Внешне – да. Внешне он приспосабливался. Но внутренне – нет. Никогда.

Он просто маскировался. Аккуратнейшим образом. Люди вроде него должны маскироваться. Да, он был весьма горд своей маскировкой. Может, для него это – форма сопротивления. Борек ничего не понял.

Борек думал, что такой человек, как он, Райдель, должен быть еще и врагом рейха, но тут он основательно ошибался: во времена вроде нынешних не только достаточно, но и единственно правильно хорошо замаскироваться и спрятаться, чтобы остаться тем, что ты есть.

(Огромные, окрашенные в серый, зеленый и бурый цвет камуфляжные сетки, которые они натягивали над позициями на Верхнем Рейне!)

Его маскировка оказалась недостаточно хороша. Или его поведение в условиях маскировки. Лишь однажды, один – единственный раз он не остался в укрытии, показался противнику. И вот, пожалуйста. Сразу ярлык: розовый кружок.

Из-за этой проклятой метки он и не сумел добиться в этой лавочке, которая теперь полностью обанкротилась, даже звания унтер-офицера.

Идя рядом с Шефольдом по длинной улице Винтерспельта, он, возможно, задумался на мгновение над тем, не шагает ли он сейчас навстречу такому времени, когда сможет выйти из укрытия. Времени, когда педик позволит себе быть педиком. Пусть он по-прежнему вызывает ухмылки, но пусть его терпят, пусть ему дадут существовать. У всякой пташки свои замашки.

Плевал он с высокого дерева на их терпимость. Их скрытая ухмылка для него невыносимее, чем угроза штрафной роты.

В одном Шефольд, во всяком случае, ошибся, предположив, что обер-ефрейтор Райдель – не просто человек, вызывающий ужас, но еще и настоящий нацистский солдат.

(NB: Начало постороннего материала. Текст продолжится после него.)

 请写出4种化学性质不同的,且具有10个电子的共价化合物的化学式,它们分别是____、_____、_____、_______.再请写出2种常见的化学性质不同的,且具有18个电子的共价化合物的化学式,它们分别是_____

Этот подозрительный субъект ничего не сказал майору о пинке. Чудно. А ведь уже было протестующе поднял руку, когда майор распорядился, чтобы он, Райдель, проводил его туда, откуда он пришел! Почему же он снова опустил ее, потушил сигарету-и все?

Наверно, ему было неприятно говорить об этом. Райдель знал клиентов такого сорта. Они лучше удавятся, чем заговорят о том, что им неприятно.

Ну, за это можно обойтись с ним прилично.

Этот Райдель вел себя теперь корректно. Был ли он по – прежнему враждебно настроен, как утром, как с самого начала, – разобраться в этом Шефольд не мог.

Может быть, он мрачен просто оттого, что вынужден вести себя хорошо.

Интересно, что он думает про меня, кто я такой?

То, что Шефольд всего только раз задал себе этот вопрос, пожалуй, самый важный в его положении, да к тому же мысленно сразу его отбросил как нечто второстепенное, незначительное, характерно для этого человека, великодушие которого граничило с беспечностью. Ему бы надо всегда иметь возле себя кого-нибудь вроде Хайнштока. Хотя обычно он даже предостережения Хайнштока оставлял без внимания. Если погода была хорошая, а дорога пустынная, Шефольд считал, что и война исчезла – тут уж Хайншток мог себе хоть мозоли на языке натереть. (Чего, впрочем, этот человек из каменоломни все равно никогда не делал, ограничиваясь короткими репликами, неодобрительным молчанием, пристальным взглядом прищуренных глаз.)

Он со своей стороны очень хотел бы знать, что такое Райдель. Майор дал ему в дорогу неразрешимую загадку. У Райделя рыльце в пушку, но майор не снизошел до того, чтобы объяснить, какого рода проступок числился за Райделем. Не военное, не политическое, не уголовное преступление – в чем же тут, черт возьми, дело?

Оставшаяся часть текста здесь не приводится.